Reid reopens case for 90-day detention

The home secretary has urged cabinet ministers to consider increasing the time terror suspects can be held without charge, it has emerged.

John Reid has been discussing upping the 28-day limit with police and today put their case to the weekly cabinet meeting, where ministers agreed to look at the question again.

According to the prime minister’s official spokesman, Mr Reid believes “it is worth trying once again to convince parliament and the nation that going further would be a useful tool in the counter-terror effort”.

The announcement comes after nine people were arrested under the Terrorism Act 2000 in Birmingham yesterday, following a series of police raids. Searches continue at 12 properties in the Sparkhill, Washwood Heath, Kingstanding and Edgbaston areas today.

Mr Reid acknowledged that the full 28-day detention period – which was only introduced last year, up from 14 days previously – had only been needed once so far. That was in the case of the alleged bomb plot at Heathrow airport last August.

But the spokesman said “it was quite possible to envisage circumstances where the police may need more than 28 days, because the scale of the terrorist threat is becoming larger and more complex, because the scale of operations is increasing and the amount of evidence is growing larger”.

The government originally wanted increase the time terror suspects can be held without charge from 14 days to 90, but this was reduced to 28 after 49 Labour MPs and opposition parties voted against it, giving Tony Blair his first Commons defeat.

Today Mr Reid told the cabinet he was “mindful of the need for balancing measures to reassure the public when introducing moves that could be perceived as an increase in arbitrary power”, and of the need to secure cross-party consensus on any changes.

But the spokesman said: “Given the continuing trend and experience over the last year, [the home secretary] now believes it is worth trying once again to convince parliament and the nation that going further would be a useful tool in the counter-terror effort.”

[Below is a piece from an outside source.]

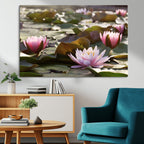 Lotus Flower Wall Art Canvas Print, Water Lily Large Wall Art for Yoga Room Decor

Shadow home secretary David Davis reacted cautiously to the news, saying the Tories would look at any new evidence for an extension of the pre-charge detention time, but warned that the terrorist alert yesterday was “not sufficient reason” in itself.

“All the evidence from the terrorist operation last August showed that the limit of 28 days did not prevent charging of a large number of suspects in the alleged terrorist plot,” he said.

Lib Dem home affairs spokesman Nick Clegg also warned that “overwhelming and concrete evidence” would be needed for parliament to revisit the issue, saying the 28-day limit had already stretched “long-established principles of due process”.

He argued: “A lack of police resources should not be used as an excuse to further breach the all-important principle that charges must be brought as quickly as possible.”

Shami Chakrabarti, director of pressure group Liberty, added: “We’ve had years of rough and ready anti-terror laws and we are not any safer.

“It’s time for a major rethink in government; for additional resources, intercept evidence and a look at the interviewing process. These measures won’t attract sexy headlines but this is about saving lives, not political careers.”